FRESNO, Calif. (KFSN) -- Casey doesn't start her day putting in her contacts. It's how she ends it.
The 11-year-old Sanger 5th grader wears special lenses at night while she's sleeping and by morning, she has clear vision.
"We're pretty excited about the opportunity because of what it can do for the child," says Dr. Michael Harmon, an optometrist at Fogg, Maxwell, Lanier & Remington EyeCare in northeast Fresno.
Harmon recommends the treatment to patients who are candidates for CRT or corneal refractive therapy lenses.
The lenses have been prescribed since 2003 to eliminate the need for contacts or glasses during the day.
But now, they're being used to help slow the progression of myopia or near-sightedness in children, which is increasing at a staggering rate.
Severe myopia can be associated with a number of other chronic eye problems.
"Looking at near-sightedness as a disease now because of co-morbidities, we call them, glaucoma, cataracts and myopic macular degeneration, that's the reason for the attention on slowing," Harmon says.
The rigid contact applies gentle pressure to temporarily reshape the cornea while the patient is sleeping, correcting vision for the following day.
The cornea's shape returns so the correction again is temporary.
But over time, it reduces the severity of nearsightedness.
It's freedom, especially for active kids like Casey, who plays softball and shows horses without needing glasses or contacts.
"I've told my friends what I wear because I stopped wearing my glasses and they're like, 'Hey! Why did you stop wearing your glasses?'" Casey says.
Casey's set of CRT lenses includes one blue one for the right eye and a red one for the left eye, so she can easily tell them apart when she puts them in each eye.
At first, it took some tears.
"When you first get them, your eyes aren't used to them so you feel like you have a big rock in your eyes. So your eyes will water and stuff but once you go to sleep, you don't feel them anymore."
It took about a week for Casey to become comfortable with wearing and caring for the lenses which made a literal day and night difference at school.
"It was kind of hard for me to see the front of the board, what he's written on the board. It's kind of like a blur of letters and words but now with the CRTs, I can just see it clearly," Casey says.
CRT lenses cost about $1600 for one set and a spare set and are not covered by insurance.

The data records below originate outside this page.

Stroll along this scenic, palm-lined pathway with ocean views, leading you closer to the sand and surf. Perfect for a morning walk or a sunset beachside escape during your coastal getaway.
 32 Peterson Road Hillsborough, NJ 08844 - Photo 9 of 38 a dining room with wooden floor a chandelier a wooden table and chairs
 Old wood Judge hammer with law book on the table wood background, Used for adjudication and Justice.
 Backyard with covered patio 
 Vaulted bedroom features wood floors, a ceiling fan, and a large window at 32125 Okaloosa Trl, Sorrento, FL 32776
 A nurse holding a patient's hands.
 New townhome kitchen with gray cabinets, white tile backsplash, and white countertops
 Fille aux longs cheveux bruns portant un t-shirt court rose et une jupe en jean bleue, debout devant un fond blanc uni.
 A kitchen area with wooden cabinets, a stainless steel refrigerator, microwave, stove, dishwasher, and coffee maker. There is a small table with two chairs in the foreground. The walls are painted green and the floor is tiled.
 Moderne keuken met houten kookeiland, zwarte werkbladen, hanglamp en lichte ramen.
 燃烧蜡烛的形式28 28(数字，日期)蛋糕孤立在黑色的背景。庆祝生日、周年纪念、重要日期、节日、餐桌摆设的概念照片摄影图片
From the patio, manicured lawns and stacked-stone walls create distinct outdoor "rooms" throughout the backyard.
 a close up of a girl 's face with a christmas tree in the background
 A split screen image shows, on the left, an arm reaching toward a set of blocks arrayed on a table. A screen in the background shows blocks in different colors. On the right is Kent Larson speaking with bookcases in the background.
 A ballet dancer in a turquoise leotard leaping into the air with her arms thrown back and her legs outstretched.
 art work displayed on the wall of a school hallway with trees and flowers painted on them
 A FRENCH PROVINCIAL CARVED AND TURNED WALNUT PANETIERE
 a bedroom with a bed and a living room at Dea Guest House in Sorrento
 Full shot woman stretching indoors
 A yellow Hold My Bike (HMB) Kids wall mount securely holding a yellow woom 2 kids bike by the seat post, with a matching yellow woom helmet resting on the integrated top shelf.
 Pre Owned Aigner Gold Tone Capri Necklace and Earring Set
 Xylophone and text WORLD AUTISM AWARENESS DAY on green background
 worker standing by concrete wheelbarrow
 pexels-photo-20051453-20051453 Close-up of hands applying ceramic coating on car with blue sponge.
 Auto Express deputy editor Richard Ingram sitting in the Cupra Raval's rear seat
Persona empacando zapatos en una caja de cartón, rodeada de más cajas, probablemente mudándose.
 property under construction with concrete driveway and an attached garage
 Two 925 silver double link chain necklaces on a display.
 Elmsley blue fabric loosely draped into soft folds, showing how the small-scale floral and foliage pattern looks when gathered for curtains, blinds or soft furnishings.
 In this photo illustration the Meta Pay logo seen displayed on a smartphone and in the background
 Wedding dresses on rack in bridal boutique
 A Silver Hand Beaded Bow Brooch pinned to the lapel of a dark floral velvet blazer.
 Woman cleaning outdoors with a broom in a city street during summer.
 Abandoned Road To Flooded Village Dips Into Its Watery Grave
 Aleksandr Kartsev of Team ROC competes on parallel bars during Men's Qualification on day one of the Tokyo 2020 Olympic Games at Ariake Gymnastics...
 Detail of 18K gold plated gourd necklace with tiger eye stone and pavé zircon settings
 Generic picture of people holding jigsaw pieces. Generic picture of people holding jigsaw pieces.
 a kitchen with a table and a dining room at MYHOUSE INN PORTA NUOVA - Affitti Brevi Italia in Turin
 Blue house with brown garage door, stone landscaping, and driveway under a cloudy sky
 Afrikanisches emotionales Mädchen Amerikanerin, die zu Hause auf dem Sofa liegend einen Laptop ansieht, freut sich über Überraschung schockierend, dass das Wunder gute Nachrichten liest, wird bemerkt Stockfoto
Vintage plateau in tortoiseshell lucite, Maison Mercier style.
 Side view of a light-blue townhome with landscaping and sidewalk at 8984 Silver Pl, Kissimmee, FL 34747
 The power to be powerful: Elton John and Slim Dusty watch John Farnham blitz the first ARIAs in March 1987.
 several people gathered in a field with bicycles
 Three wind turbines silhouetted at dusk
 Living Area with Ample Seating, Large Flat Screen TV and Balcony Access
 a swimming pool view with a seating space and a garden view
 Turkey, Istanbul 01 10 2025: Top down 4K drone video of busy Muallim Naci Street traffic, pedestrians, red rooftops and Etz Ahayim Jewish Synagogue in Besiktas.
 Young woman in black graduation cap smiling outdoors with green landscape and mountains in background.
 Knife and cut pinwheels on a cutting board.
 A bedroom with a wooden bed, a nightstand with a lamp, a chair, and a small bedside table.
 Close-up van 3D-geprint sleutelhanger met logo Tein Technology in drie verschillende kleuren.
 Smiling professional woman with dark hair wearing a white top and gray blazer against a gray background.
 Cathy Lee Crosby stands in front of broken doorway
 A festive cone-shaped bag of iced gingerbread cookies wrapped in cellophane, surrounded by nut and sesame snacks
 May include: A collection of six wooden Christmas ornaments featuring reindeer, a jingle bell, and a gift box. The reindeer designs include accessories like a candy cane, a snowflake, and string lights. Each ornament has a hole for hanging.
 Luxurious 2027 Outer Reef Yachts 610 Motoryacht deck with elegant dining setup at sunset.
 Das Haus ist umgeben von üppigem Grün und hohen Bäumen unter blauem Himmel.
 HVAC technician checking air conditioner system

Harmon says many families opt for the lenses because of the double benefit of corrected vision during the day, while slowing the progression of their child's nearsightedness.
Since kids' eyes grow along with the rest of them, patients like Casey need to be fitted with new CRT lenses as their eye size and shape changes until adulthood. Once they reach 16 or 18 and stop growing, they can opt for Lasik surgery to permanently correct their vision.
Until then, Casey wears her special lenses every night that help her vision with her eyes wide shut.
Health experts say by 2050, half of the U.S. population will be near-sighted.
Harmon says it's important to slow the progression of myopia, especially for children - to counter our technology-based lifestyle.
Vision can be affected by genetics, the environment, looking at screens throughout the day and not spending enough time outdoors.